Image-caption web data
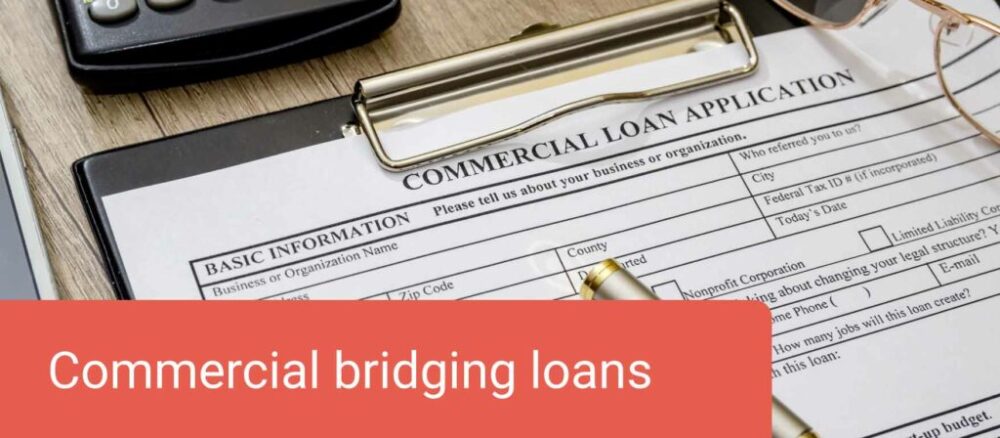 Commercial bridging loans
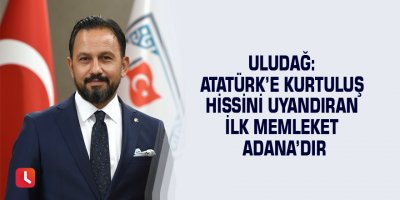 Uludağ: Atatürk’e kurtuluş hissini uyandıran ilk memleket Adana’dır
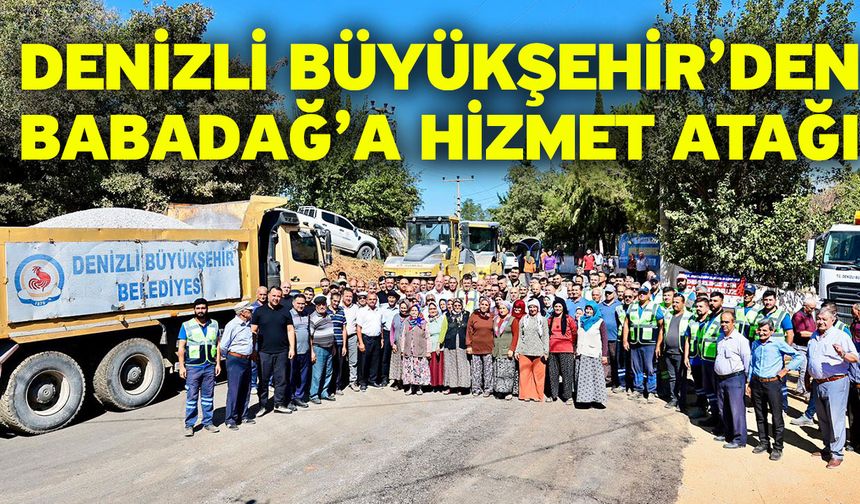 Denizli Büyükşehir’den Babadağ’a hizmet atağı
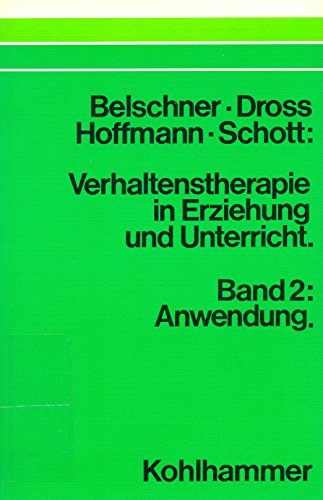 Beispielbild fr Verhaltenstherapie in Erziehung und Unterricht. Band 2. Anwendung. zum Verkauf von Der Bcher-Br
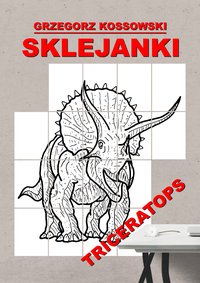 Sklejanki. Triceratops - Grzegorz Kossowski - ebook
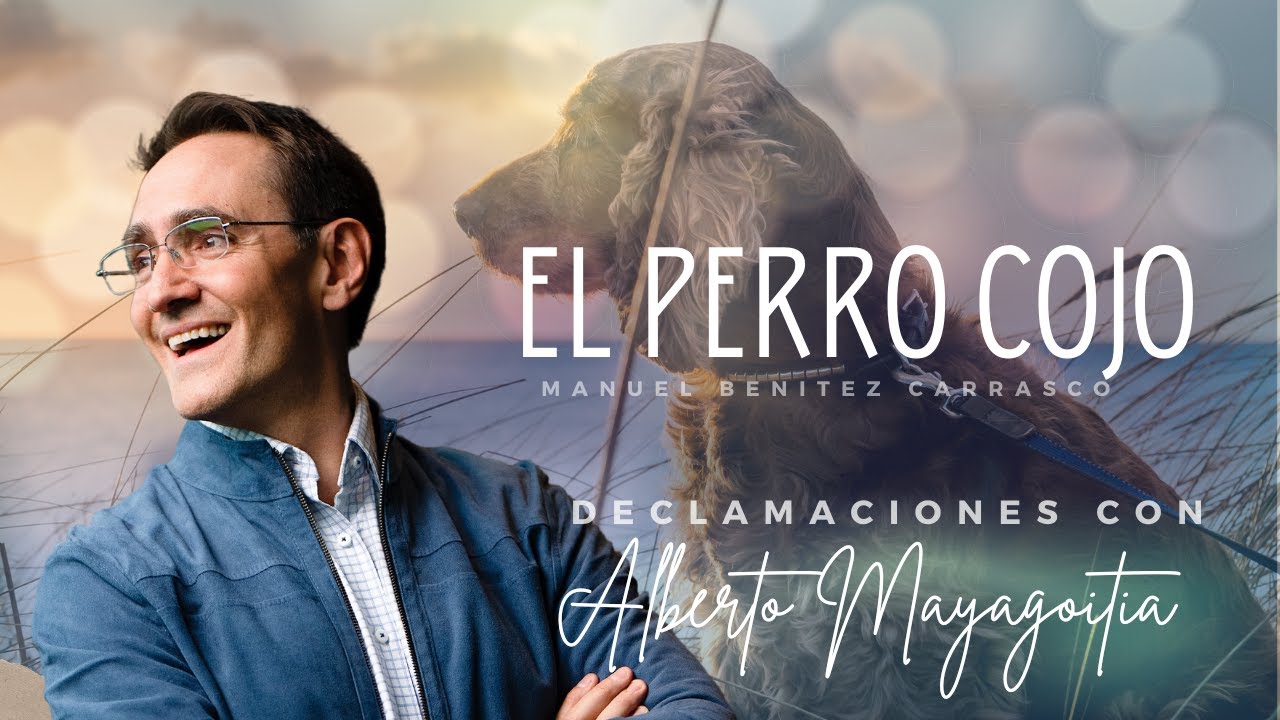 El Perro Cojo | Alberto Mayagoitia | Manuel Benítez Carrasco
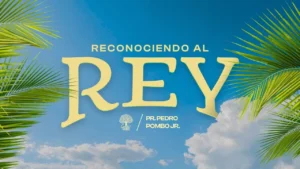 Domingo de Ramos: Reconociendo al Rey - Cómo Vivir una Vida Cristocéntrica en Toda Temporada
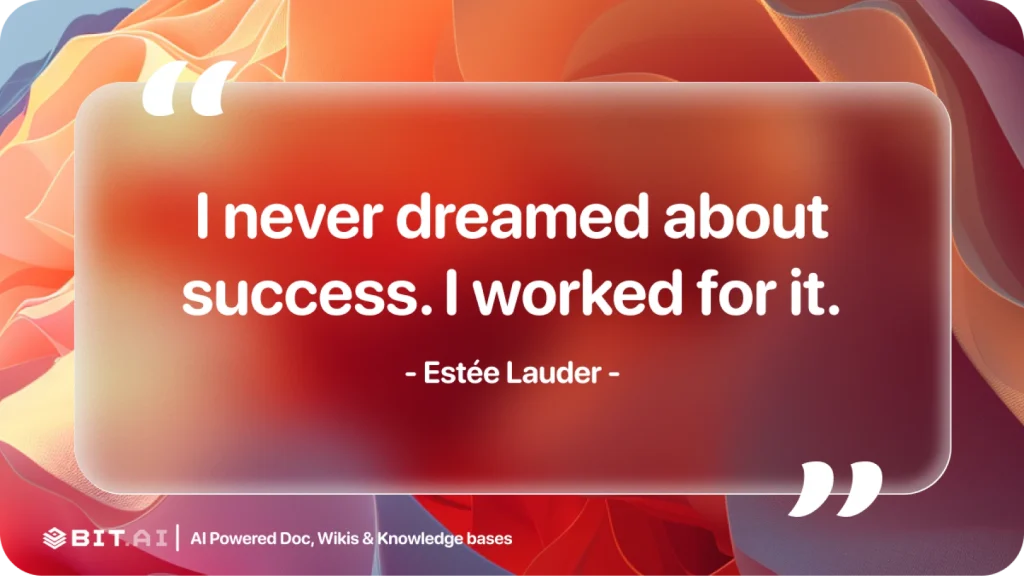 I never dreamed about success. I worked for it.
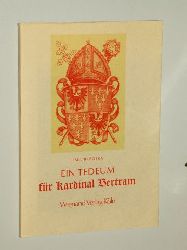 Brzoska, Emil (Hrsg.):  Ein Tedeum fr Kardinal Bertram. Adolf Kardinal Bertram, Vorsitzender d. Dt. Bischofskonferenz im Bndnis mit d. Heiligen Stuhl whrend d. Kirchenkampfes 1933 - 1945. 
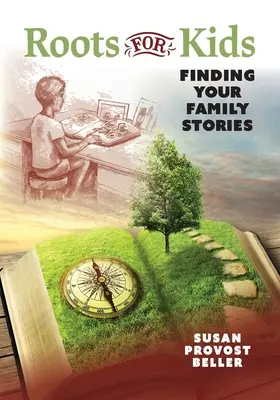 Radici per bambini: Alla ricerca delle storie della tua famiglia - Roots for Kids: Finding Your Family Stories
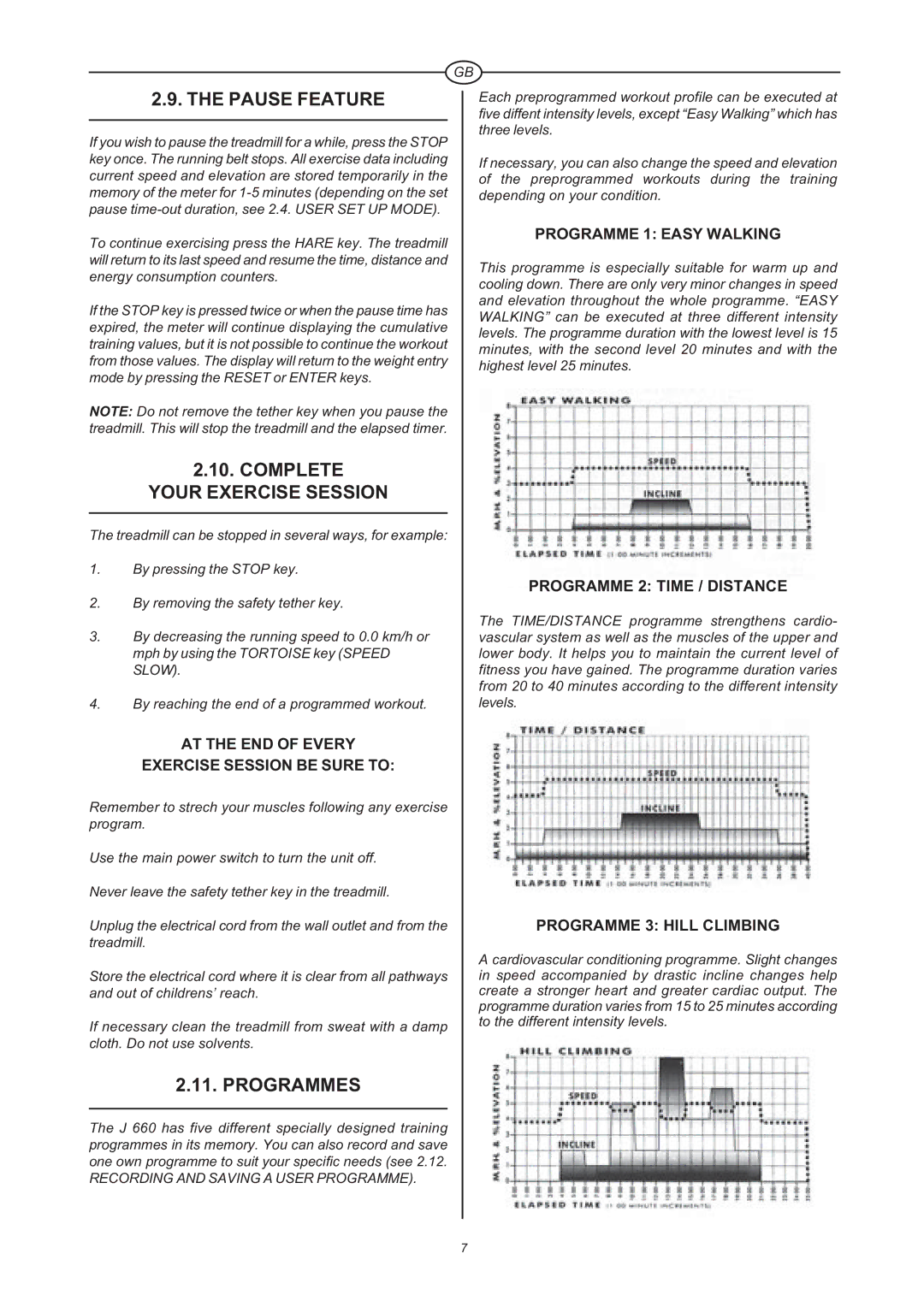 Tunturi J 660 owner manual Pause Feature, Complete Your Exercise Session, Programmes 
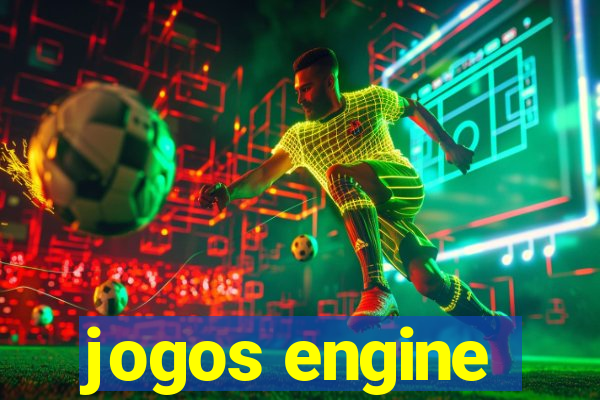 jogos engine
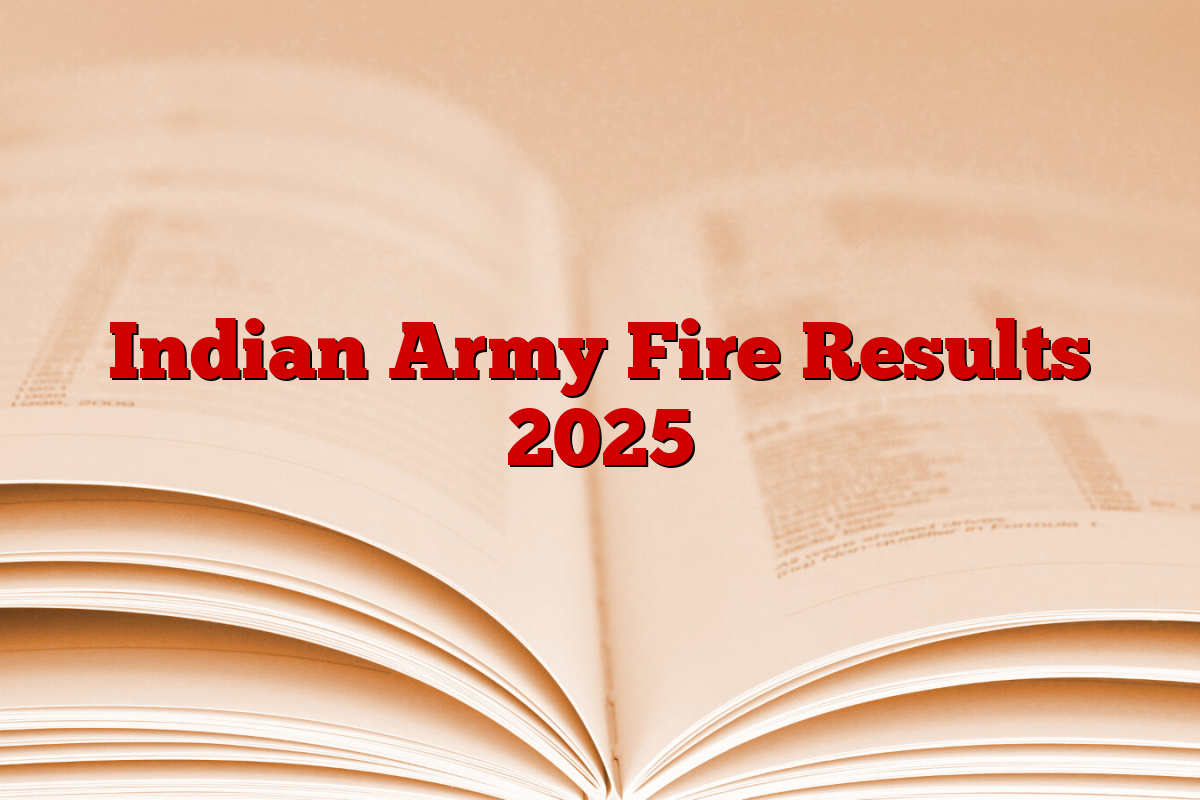Indian Army Fire Results 2025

**Exercise goal**
The entries above need an exact copy without their pictures.

**Task answer**
 Commercial bridging loans
 Uludağ: Atatürk’e kurtuluş hissini uyandıran ilk memleket Adana’dır
 Denizli Büyükşehir’den Babadağ’a hizmet atağı
 Beispielbild fr Verhaltenstherapie in Erziehung und Unterricht. Band 2. Anwendung. zum Verkauf von Der Bcher-Br
 Sklejanki. Triceratops - Grzegorz Kossowski - ebook
 El Perro Cojo | Alberto Mayagoitia | Manuel Benítez Carrasco
 Domingo de Ramos: Reconociendo al Rey - Cómo Vivir una Vida Cristocéntrica en Toda Temporada
 I never dreamed about success. I worked for it.
 Brzoska, Emil (Hrsg.):  Ein Tedeum fr Kardinal Bertram. Adolf Kardinal Bertram, Vorsitzender d. Dt. Bischofskonferenz im Bndnis mit d. Heiligen Stuhl whrend d. Kirchenkampfes 1933 - 1945. 
 Radici per bambini: Alla ricerca delle storie della tua famiglia - Roots for Kids: Finding Your Family Stories
 Tunturi J 660 owner manual Pause Feature, Complete Your Exercise Session, Programmes 
 jogos engine
Indian Army Fire Results 2025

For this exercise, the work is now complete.